O pagamento das garantias está sendo realizado eletronicamente na conta indicada pelo beneficiário da garantia, tudo via o app do FGC. Cerca de 17,3% dos depositantes e investidores com depósitos elegíveis ainda não iniciaram o processo de solicitação do pagamento pelo aplicativo do FGC, o que representa 7,1% dos valores financeiros a serem pagos.
6. É possível reduzir ainda mais o prazo para o investidor receber o dinheiro do FGC caso ocorra um problema com uma instituição financeira?
Esse é o objetivo. O processo de pagamento de Portocred começou 27 dias após a sua liquidação pelo BCB. Já BRK tomou 33 dias. No passado tivemos casos que tomaram alguns meses. Em resumo, o filme é bom.

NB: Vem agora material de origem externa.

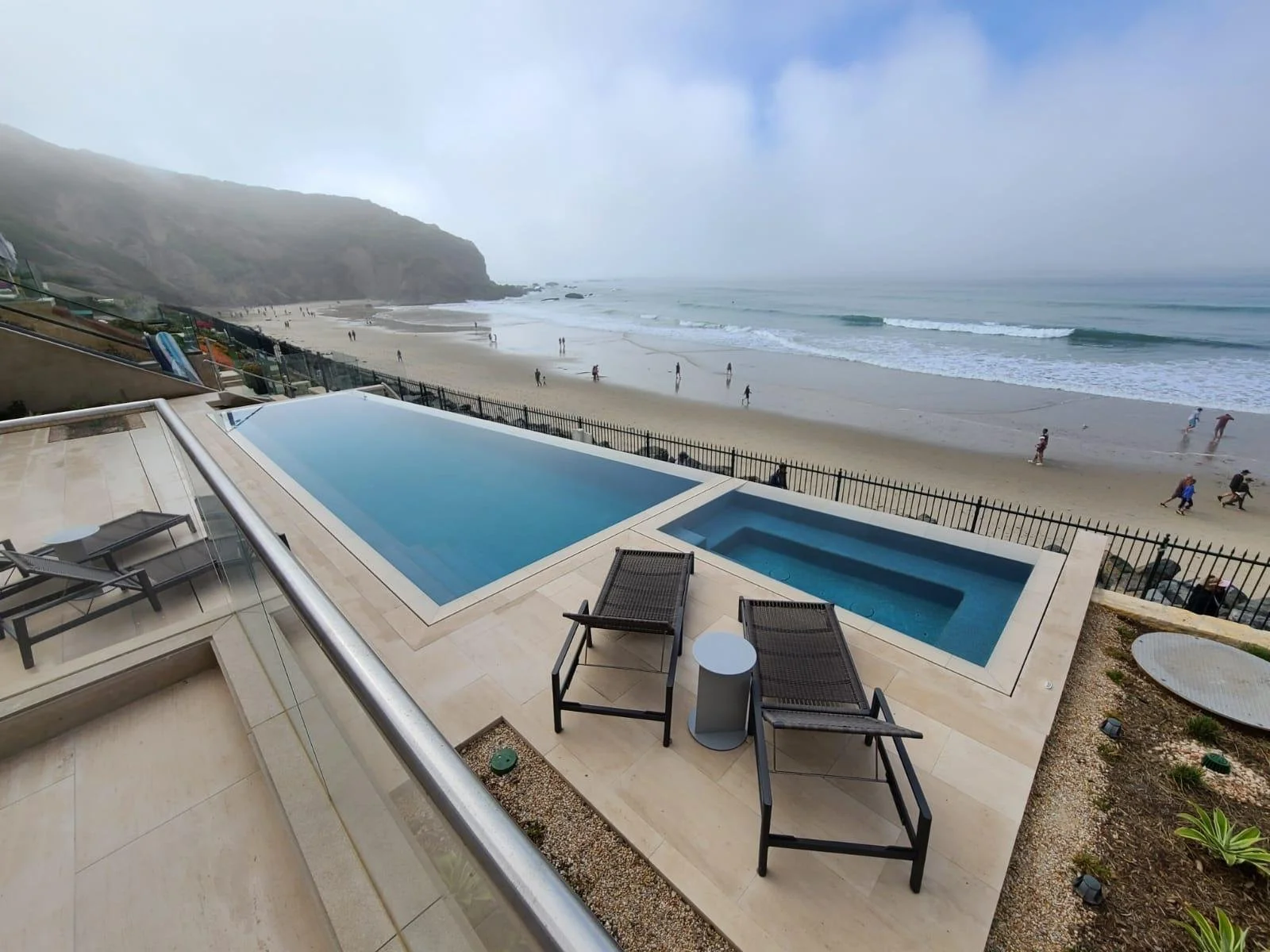 View of a beach with an outdoor pool and hot tub on a terrace, overlooking the ocean with waves and a foggy sky, several people walking along the shore.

Em média os processos recentes tomaram cerca de um mês para início do pagamento. Mas o nosso objetivo é mais ambicioso.
Como aprimoramento na regulamentação e muita tecnológica acreditamos que esse prazo possa cair a metade. Estamos trabalhando para isso. Na frente de tecnologia, um primeiro passou foi desenvolver um sistema que apoia o liquidante no trabalho de preparação da lista de credores. Esse sistema é chamado de Visão Consolidada por Cliente e foi usado em produção pela primeira vez em 2023.
Uma série de aprimoramentos foram mapeados com essas experiencias. Não há dúvidas que o processo mais trabalhoso e que mais toma tempo é desempenhado pelo liquidante. O FGC é capaz de iniciar os pagamentos em 2 dias úteis após receber a lista de credores, mas o liquidante enfrenta os maiores desafios de conciliação de informações para preparação dessa lista. Nossa estratégia é desenvolver mais ferramentas que ajudem o liquidante. E assim, juntos, reduziremos o tempo total para o início do pagamento das garantias.
7. No futuro, o FGC pode aumentar os títulos cobertos por sua garantia?
Nossas associadas são os bancos e as financeiras, que contam com uma gama variada de produtos elegíeis à cobertura, como depósitos a vista, poupança, LCI, LCA, CDB e RDB. Acho que não lhes falta produtos para trabalhar. Agora, se a pergunta foi relacionada ao oferecimento de cobertura para produtos que não são emitidos por nossas associadas, daí a resposta é um “não” categórico (risos).